Category Archives: Problem(s)

A phoronix benchmark creates a huge benchmarking discussion

The recent Phoronix benchmark which compared a release candidate of FreeBSD 9 with Oracle Linux Server 6.1 created a huge discussion in the FreeBSD mailinglists. The reason was that some people think the numbers presented there give a wrong picture of FreeBSD. Partly because not all benchmark numbers are presented in the most prominent page (as linked above), but only at a different place. This gives the impression that FreeBSD is inferior in this benchmark while it just puts the focus (for a reason, according to some people) on a different part of the benchmark (to be more specific, blogbench is doing disk reads and writes in parallel, FreeBSD gives higher priority to writes than to reads, FreeBSD 9 outperforms OLS 6.1 in the writes while OLS 6.1 shines with the reads, and only the reads are presented on the first page). Other complaints are that it is told that the default install was used (in this case UFS as the FS), when it was not (ZFS as the FS).

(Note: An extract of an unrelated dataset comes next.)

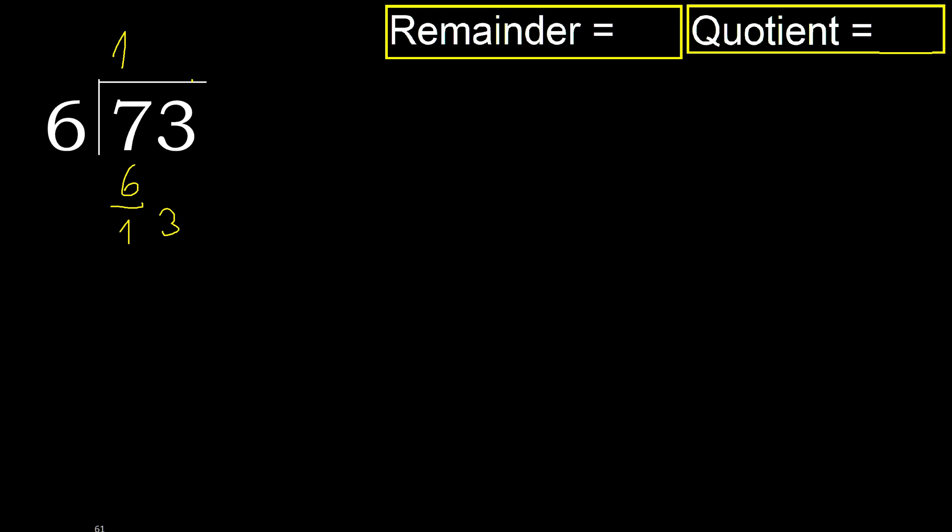13. 6 multiplied by 2... 6 multiplied by 3 is 18. 18 is greater. Multiplied by 2 is 12. It is not greater. Subtract 1.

The author of the Phoronix article participated in parts of the discussion and asked for specific improvement suggestions. A FreeBSD committer seems to be already working to get some issues resolved. What I do not like personally, is that the article is not updated with a remark that some things presented do not reflect the reality and a retest is necessary.

As there was much talk in the thread but not much obvious activity from our side to resolve some issues, I started to improve the FreeBSD wiki page about benchmarking so that we are able to point to it in case someone wants to benchmark FreeBSD. Others already chimed in and improved some things too. It is far from perfect, some more eyes — and more importantly some more fingers which add content — are needed. Please go to the wiki page and try to help out (if you are afraid to write something in the wiki, please at least tell your suggestions on a FreeBSD mailinglist so that others can improve the wiki page).

What we need too, is a wiki page about FreeBSD tuning (a first step would be to take the man-page and convert it into a wiki page, then to improve it, and then to feed back the changes to the man-page while keeping the wiki page to be able to cross reference parts from the benchmarking page).

I already told about this in the thread about the Phoronix benchmark: everyone is welcome to improve the situation. Do not talk, write something. No matter if it is an improvement to the benchmarking page, tuning advise, or a tool which inspects the system and suggests some tuning. If you want to help in the wiki, create a FirstnameLastname account and ask a FreeBSD comitter for write access.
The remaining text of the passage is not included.